Taking taxis in most of SEA (and China), at least as a white foreigner, is a
gamble every time. In KL, it takes me about 3 times each time to get a taxi
that doesn't try to charge me a fixed fare, which is usually about 3x the
normal fare. On my last two visits to Shanghai, i had one ride each time where
the driver was "asking" for extra money by yelling and in one case threatening
physical violence. In Bangkok it much depends on the location. Worst case
you'll have to ask about 5 parked taxis before one agrees to use the meter.

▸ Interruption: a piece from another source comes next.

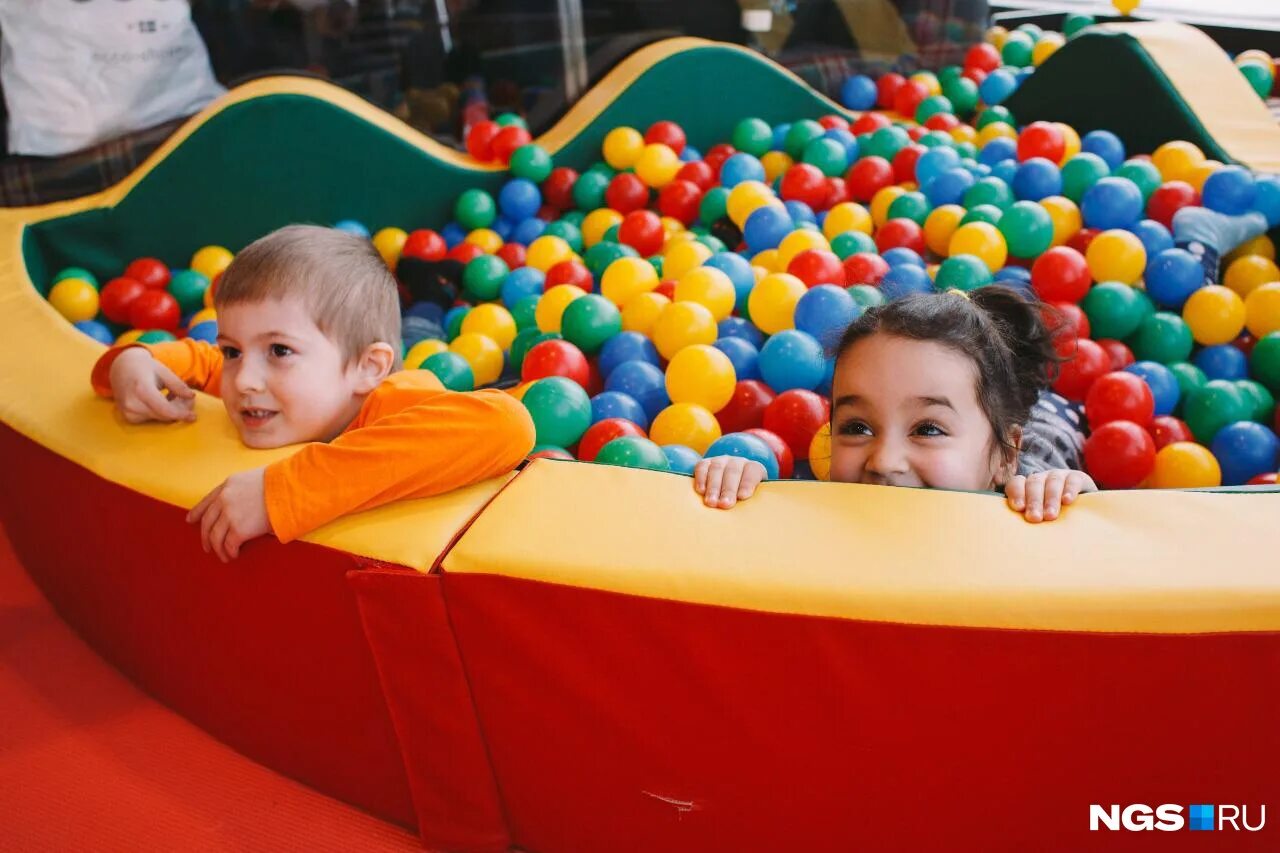 Куда сходить в москве с ребенком 12 лет. Cosmozar водный стадион. Куда можно сходить с ребенком 6 лет. Парк развлечений волшебная миля санкт-петербург. Куда можно сходить всей семьей.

Before Grab/Uber, there were not many alternatives to taxis, but that does not
mean that taxis were providing good service.

------
okr
Currently staying in indonesia for vacation, i can verify, a lot of green go-
jek jackets, not so many grab ones.

Personally i use go-jek. Got an sms just like whatsapp, and i was setup. Grab
wants me to create an account, meh, so i stopped there.

I like the live tracking, so i can see, where the driver is. Helped me a lot
to get out and find the driver, as the navigation route is most likely wrong
in all these small streets. Hard to give notes, they ignore them anyways.

The Go-Jek apps, for each purpose one, meh. The update mess on each day,
whenever i get wifi, i hate it.

And i see signs everywhere: only drop-off, no go-jek, no grab, no uber. They
are pretty vocal about it. So yeah, its a war.

Surely it breaks up local schemes of corruption. One can see it, when streets
are closed down by types in army clothes, and a caravan of cars enter the
streets, with dudes in open jeeps, moustache and laughing. There goes the
money.

I do not know. There is a global economy and local businesses. I wish it was
not a few companies driving the disrupting changes, that will destroy most
likely local businesses, that have developed over decades. Sure, people use it
and that is good. Good ideas replace ideas not so good anymore in these times.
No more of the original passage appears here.